Funded by the French National Research Agency, the project aims to build the first-ever open-access and open-source unified digital linguistic platform for the whole spectrum of the Armenian language variations. In particular, annotated corpora will be compiled for Classical Armenian and Modern Western Armenian, as well as a pilot corpus for Middle Armenian, three pilot corpora for dialects, and an updated Modern Eastern Armenian corpus on the basis of the existing one.
As a project partner, the Digital Library of Classical Armenian Literature (Digilib) of AUA will provide its collection of digitized texts in Classical Armenian and Western Armenian.

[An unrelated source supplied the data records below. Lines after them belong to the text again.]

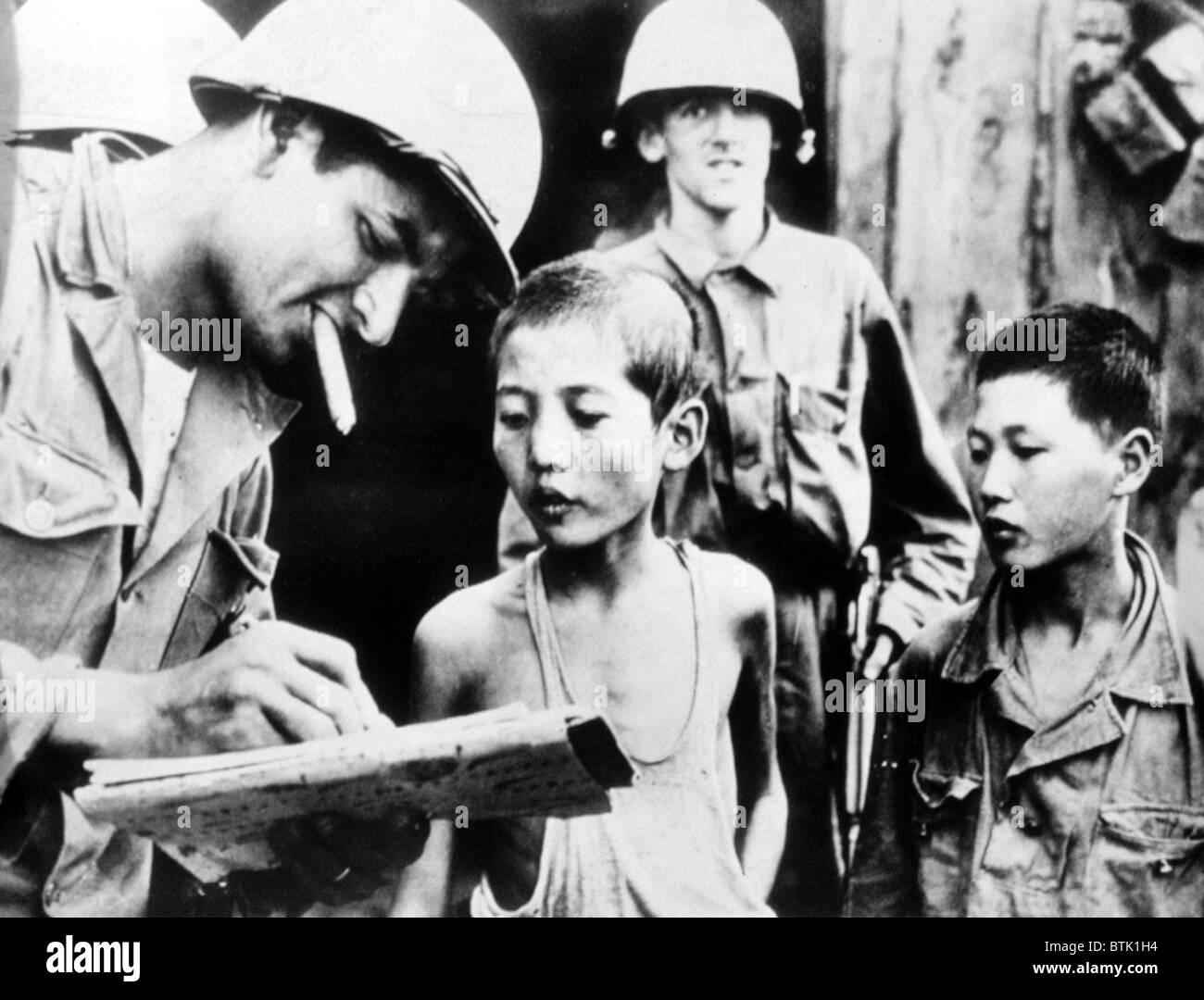 Guerra de Corea: capturaron niños de Corea del Norte está siendo cuestionada por soldado de EE.UU., Corea, 10/06/50. Foto de stock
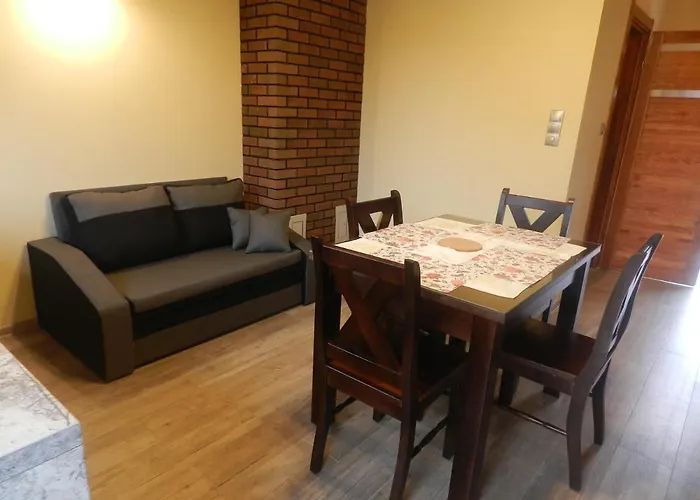 Orla Izba * Kluki (Pomerania)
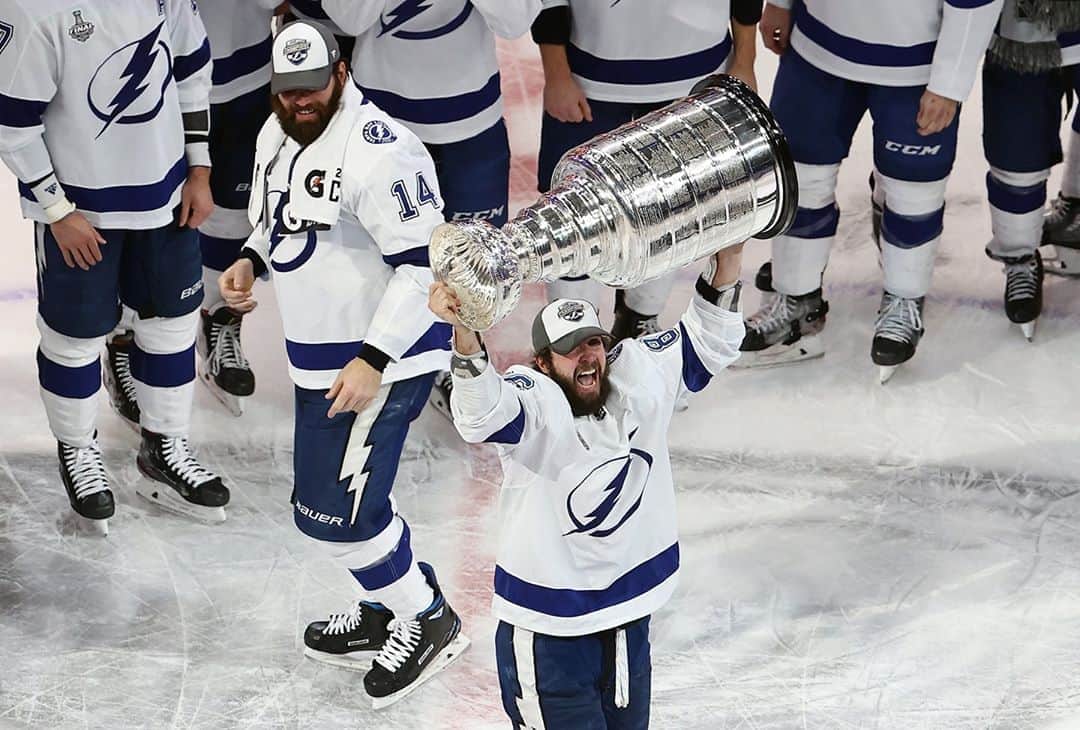 NBC Newsさんのインスタグラム写真 - (NBC NewsInstagram)「Nikita Kucherov of the #TampaBay #Lightning skates with the #StanleyCup trophy following a series-winning victory over the #Dallas Stars in Game 6 of the 2020 #NHL Stanley Cup Final. ⁠ .⁠ 📷 Bruce Bennett/@gettyimages」9月29日 12時34分 - nbcnews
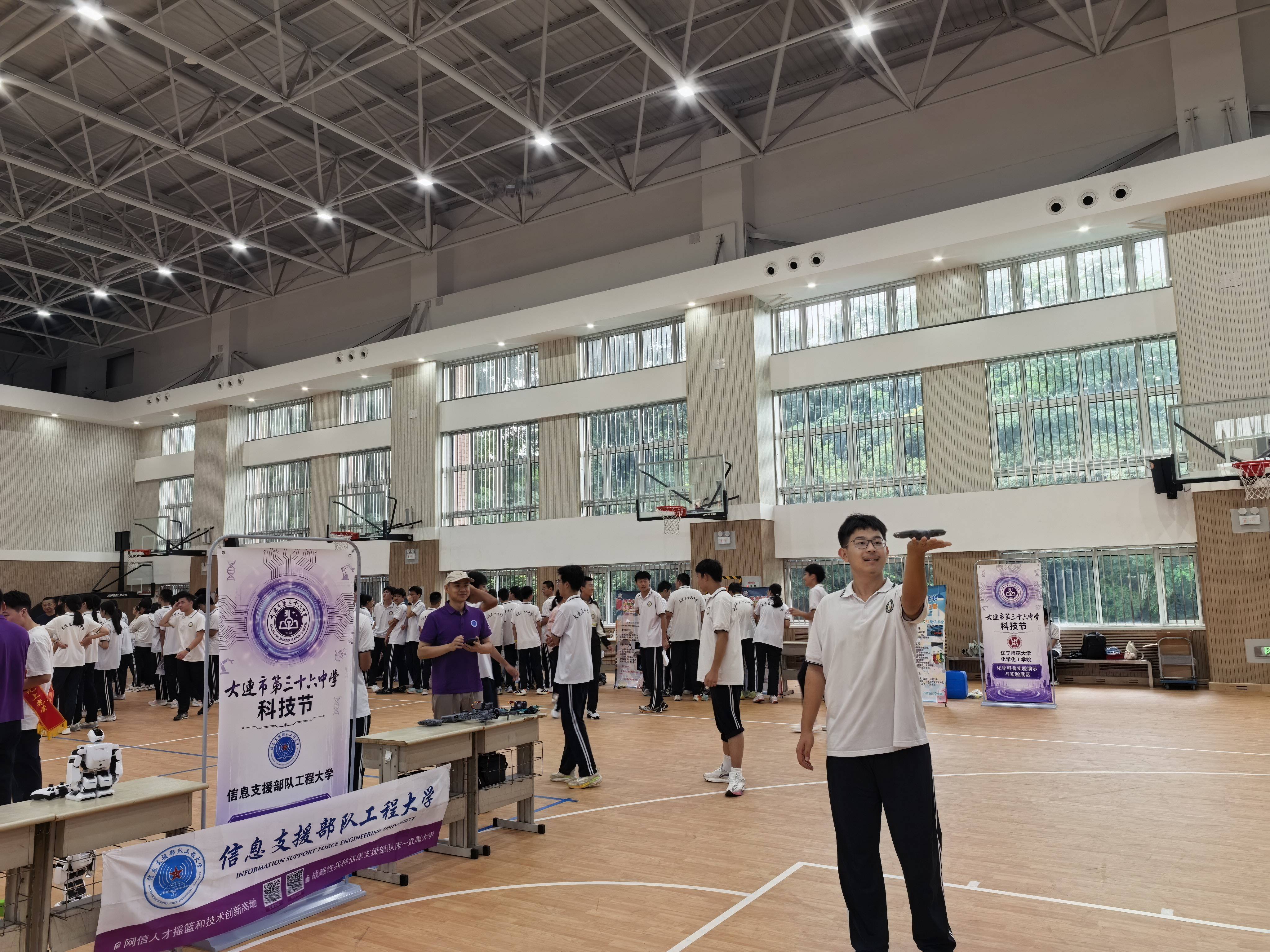 硬核展品進校園 沉浸式國防教育課堂太燃了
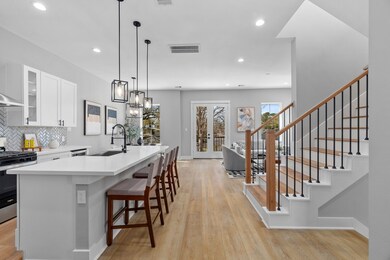 827 Woodcrest Dr, Houston, TX 77018 - photo 4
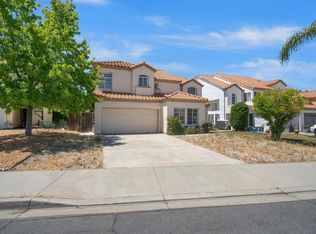 40037 White Leaf Ln, Murrieta, CA 92562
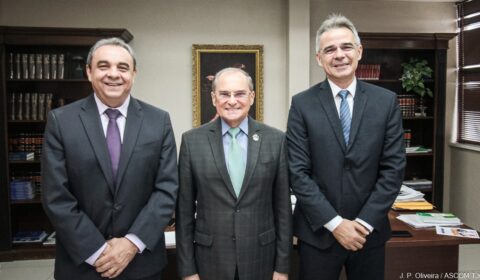 Gestores do TJCE recebem procurador de Justiça escolhido para ocupar vaga de desembargador pelo Quinto Constitucional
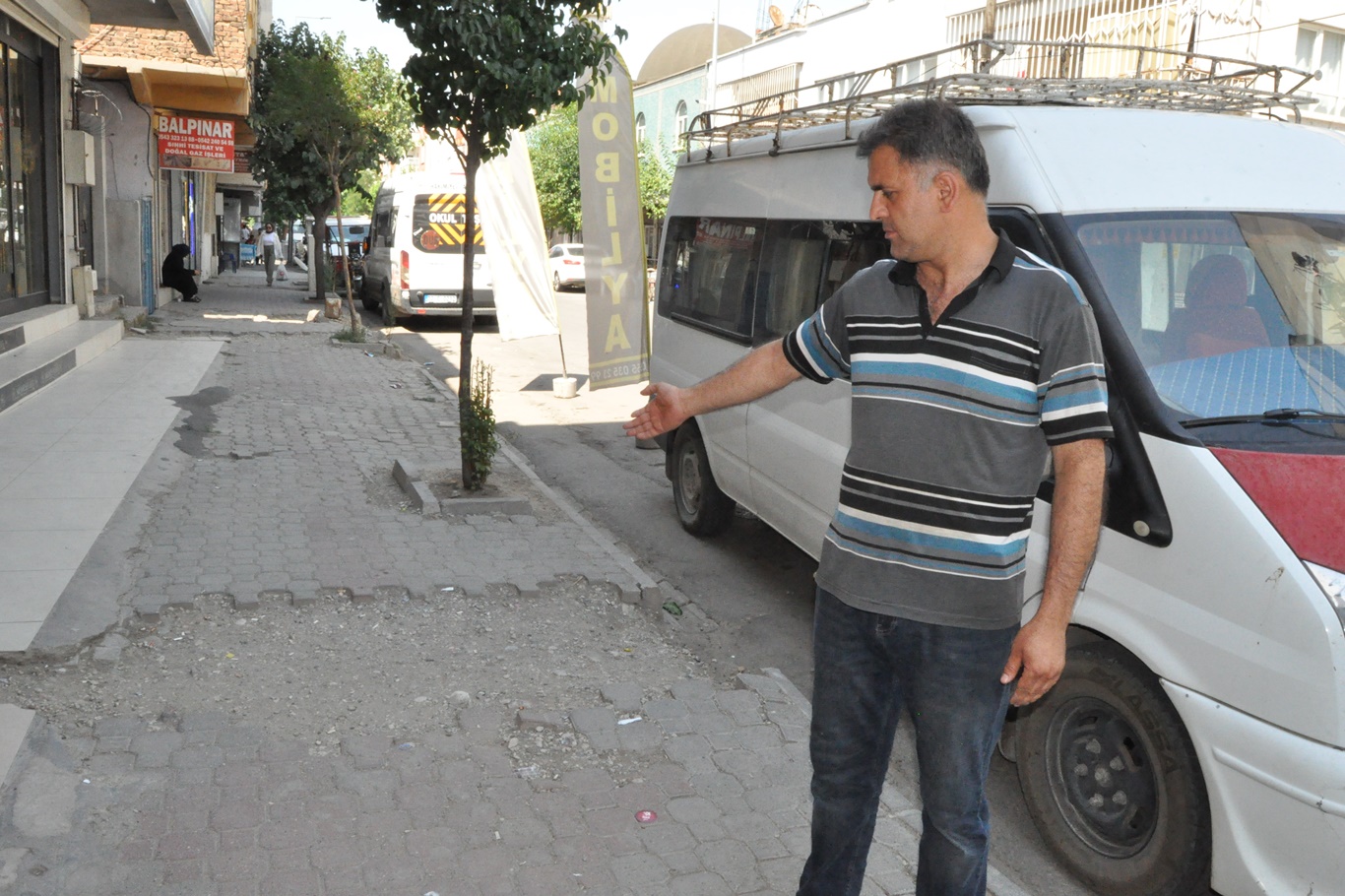 Bozuk Kaldırımlar Esnafı ve Vatandaşı Mağdur Ediyor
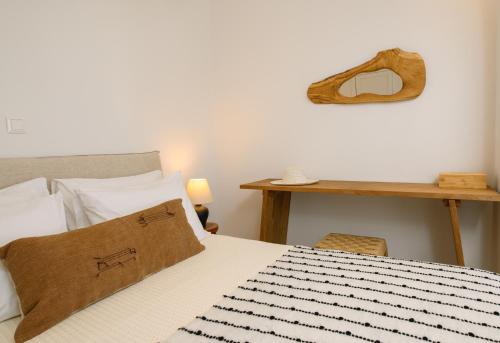 Una cama o camas en una habitación de Amorgiani Gi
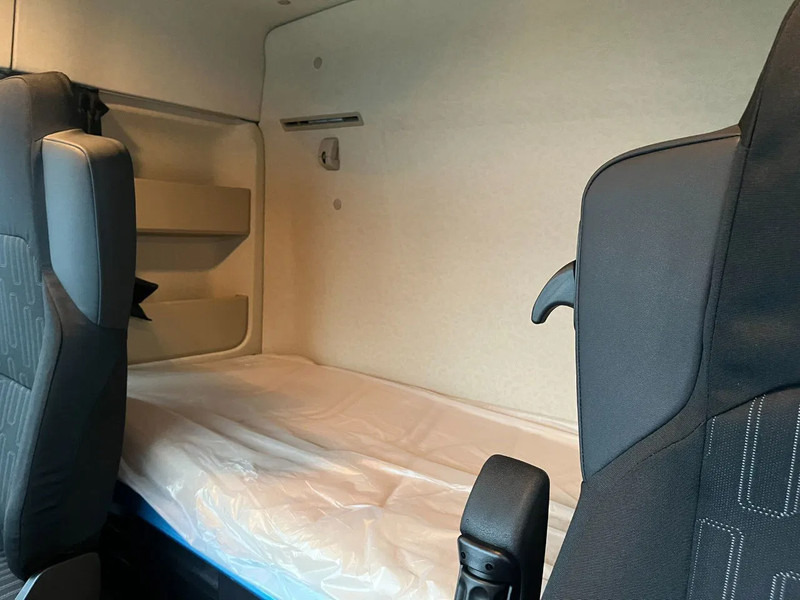 Cap tractor nou Mercedes-Benz Actros 2045 S 4x2 Tractor Head: Foto 16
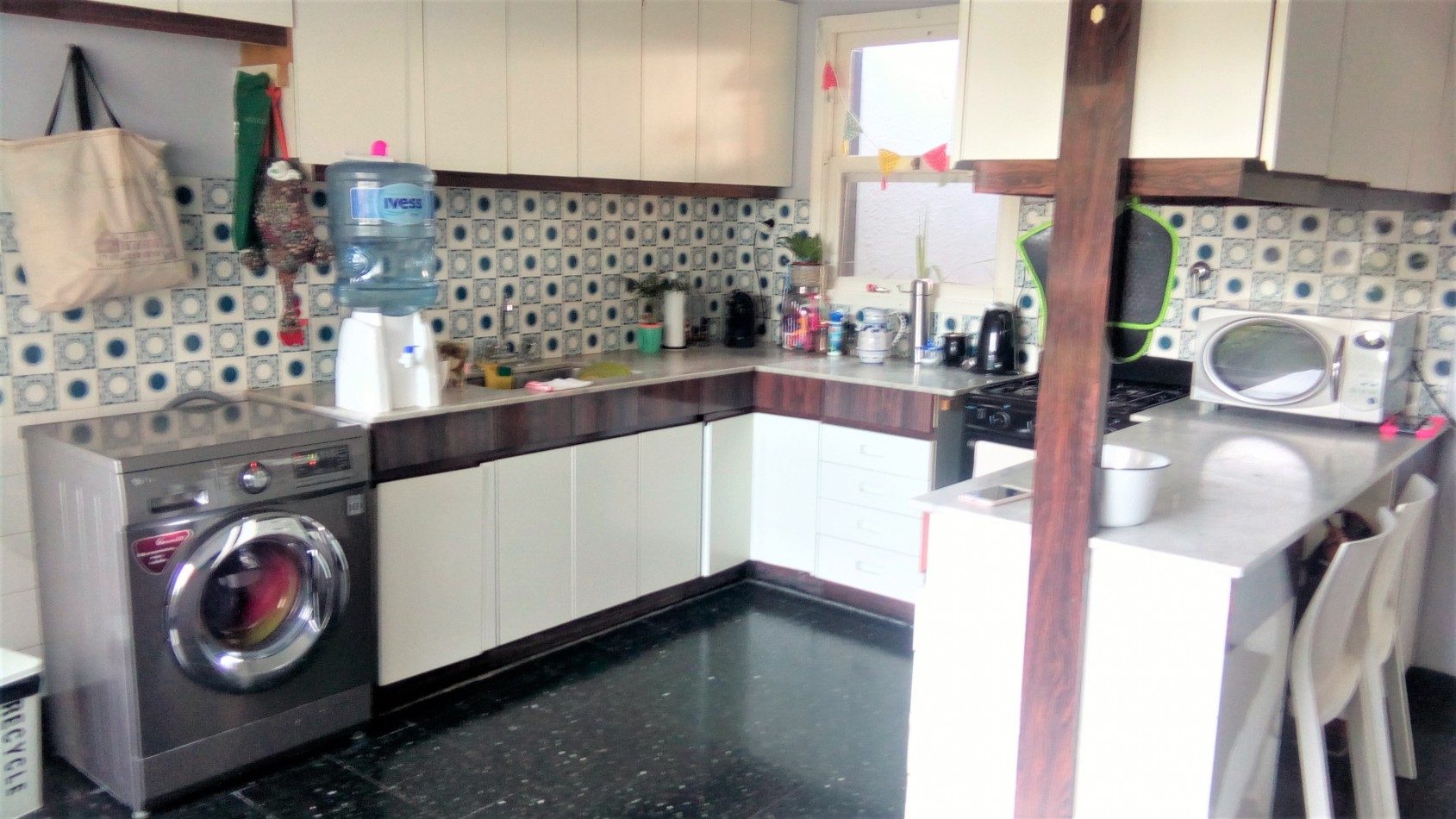 CASA CENTRICA DE TRES DORMITORIOS con JARDIN - EN ALQUILER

Additionally, Digilib will support the implementation of the DALiH project through the digitization of other relevant materials.
“Discussions about the project started during the ‘Digital Armenian’ conference held in Paris in October 2018. I am excited that our efforts in making the project of Digitizing Armenian Linguistic Heritage a reality have paid off, and we can now announce its successful launch,” states Hovhannes Kizogyan, technical director of Digilib. “We plan to organize workshops for linguists in computational technology to equip them with the skills needed for the project.”
Within the DALiH project, research will be conducted in Natural language processing (NLP) and linguistic perspectives so as to provide full grammatical annotation and Automatic speech recognition (ASR) models in the above-mentioned Armenian varieties. “Multi-approach deep-learning and rule-based resources will be designed in order to process the written and oral databases and to cross-check their value for further corpus enlargement, in a context of multiparameter language variation for an under-resourced language,” was mentioned in the press release issued by the National Institute for Oriental Languages and Civilizations (INALCO), the coordinating organization of the project.
NLP-based linguistic research, in particular on the automatic identification of the language, the calculation of the distance between varieties, and the lexical and morphological disambiguation, will be conducted with an aim to revisit the state of existing research issues and to introduce new problems supported by the written and oral data made available by the project.